By K.D. Norris
ken@wktv.org
Scott Avett, who with his brother and co-conspirator Seth is the heart if not soul of The Avett Brothers, was talking about the band’s 2106 release “True Sadness” when he said “We trust and have faith in what we do, and in each other. By the time it is making it out to the world, we have already come to own our work.”
From the beginning — that sort of being the Avetts’ 2009 major label debut of “I and Love and You” — the to pending arrival of “Closer Than Together” on Oct. 4, Scott and Seth and the rest of the North Carolina based band have kept the faith if not always kept the same sonics.
“We are always confident by the time we are putting something out,” Scott said to me just before the band’s 2016 Grand Rapids stop at the Van Andel Arena, where they will return Sept. 6. “We are always confident that we have learned from what we have made, and always confident that we are going to be able to go out and put on a show with what we made. I just don’t think we would release anything we would not stand behind.”
Standing behind “Closer Than Together”, it would appear from the teaser single recently released, “High Steppin’”, as well as a “mission statement” put out by Seth and Scott also in preparation for the release, is sort of an admission that while the Avetts have lived life pretty fully and grown older in due course, they have stayed truthful to their music as it has continued to change with them.
Watch the “High Steppin’” video here.
Some may see a little bit of a dark side, or at least a dark humor side, to the video for the new single if not the lyrics of the single itself — after all, there is this little thing in the video of Scott appearing as a “rhinestone cowboy” and Seth is trailing along as what some could describe as “death.” But there is also an often recurring songwriting endpoint that love, ultimately, wins.

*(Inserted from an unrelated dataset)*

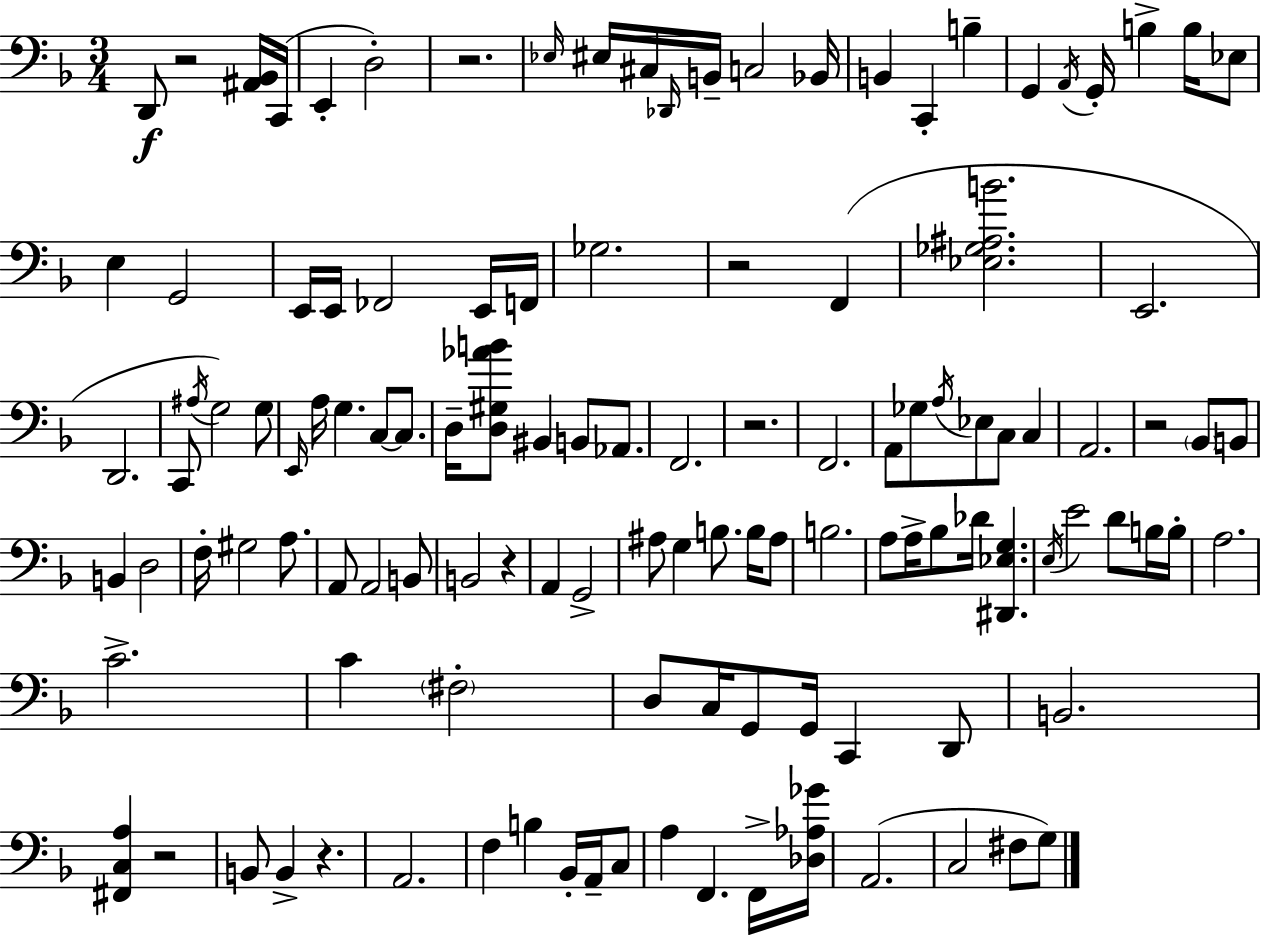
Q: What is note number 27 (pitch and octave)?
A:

“My brother and I have never been more aware of our own failings in the department of golden-rule navigation,” Seth writes in the mission statement. “We see it in ourselves and we are accustomed to seeing it in our neighborhood, our state, our country, our planet. We speak daily with each other about the lunacy of the world in which we live … the beauty of it, the mystery of it, the hilarity and the unspeakable calamity of it.
“The Avett Brothers will probably never make a sociopolitical record. But if we did, it might sound something like this,” Seth writes, but adds that, musically at least, “there is no massive departure from our continued artistic language.”

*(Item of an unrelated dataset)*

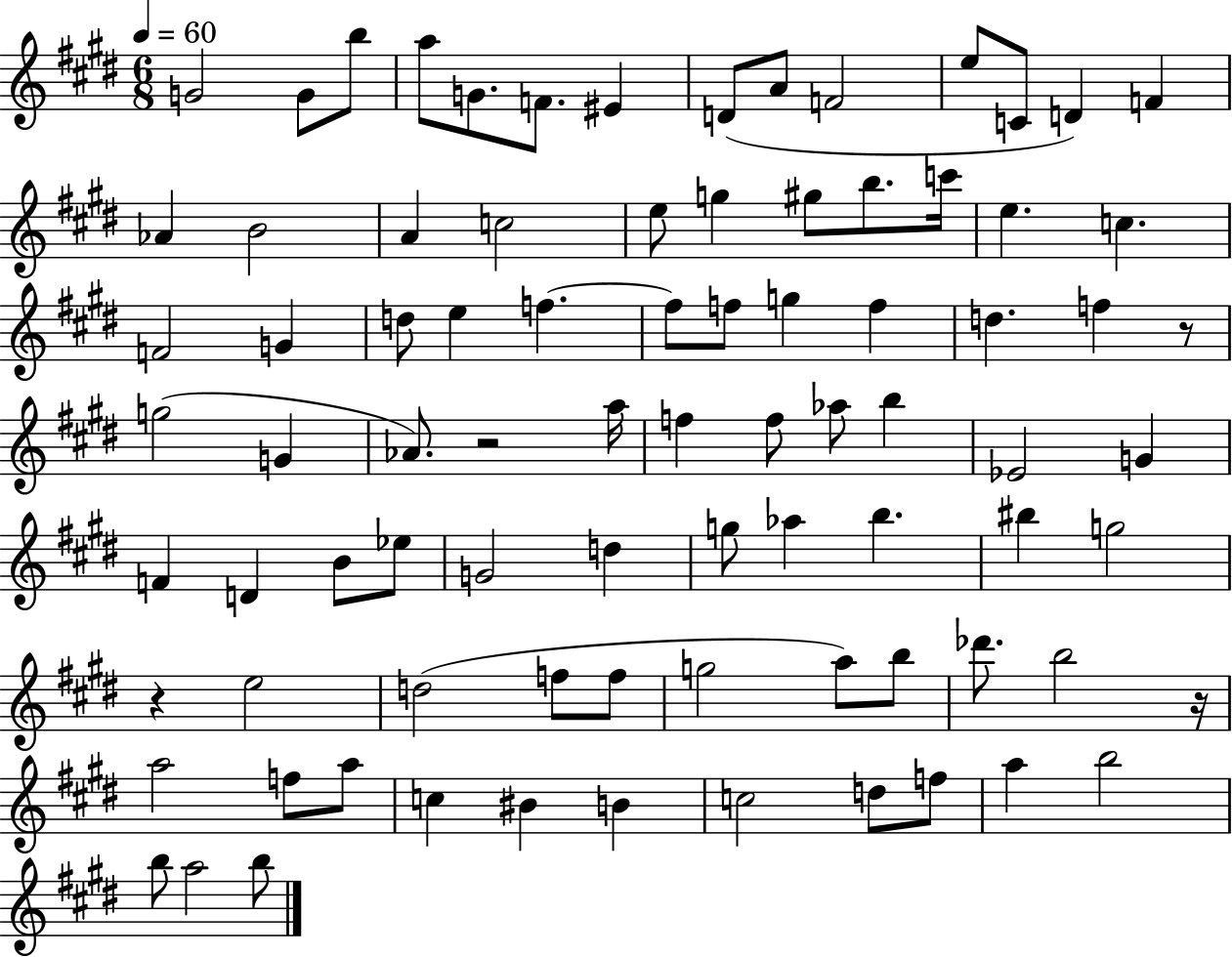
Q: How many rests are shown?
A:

And while some have suggested that the single “High Steppin’” has, in fact, a more high energy, almost rock ’n’ roll sound to it — and it does seem a million miles away from the sounds of “I and Love and You”, specifically “Head Full of Doubt/Road Full of Promise”, maybe my favorite single on a long list of band favorites — the promise and premise of the lyrics of the new single seem to keep with the same not-so-subtle artistic language.
“The best beggars are choosers. The best winners are losers. The best lovers ain’t never been loved. And first place ain’t easy. The hardest part is believing. The very last word is love.”

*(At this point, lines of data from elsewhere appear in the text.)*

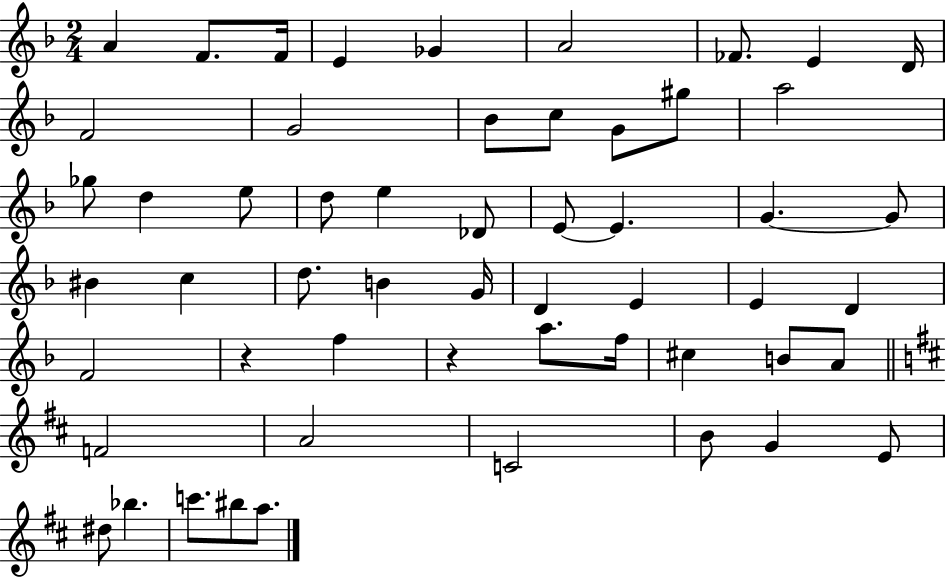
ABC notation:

X:1
T:Untitled
M:2/4
L:1/4
K:F
A F/2 F/4 E _G A2 _F/2 E D/4 F2 G2 _B/2 c/2 G/2 ^g/2 a2 _g/2 d e/2 d/2 e _D/2 E/2 E G G/2 ^B c d/2 B G/4 D E E D F2 z f z a/2 f/4 ^c B/2 A/2 F2 A2 C2 B/2 G E/2 ^d/2 _b c'/2 ^b/2 a/2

Anybody who knows the Avetts has heard that language, that simple-yet-somehow- deep meanings, before and will undoubtedly will again, at the upcoming night at the Van Andel and on the new release.
And anybody who knows the Avetts in concert, knows that while the band often speaks softly, Scott and Seth — and usual suspects and long-time band members Bob Crawford on bass (and things) and Joe Kwan on cello (and things) — carry big sticks when it comes to live concerts. (See a review of their 2016 Grand Rapids show here.)
Tickets for The Avett Brothers at the Van Andel Arena on Friday, Sept. 6, at 8 p.m., are available, ranging from $47 per to $195 on various ticket sellers and resellers. Search you favorite.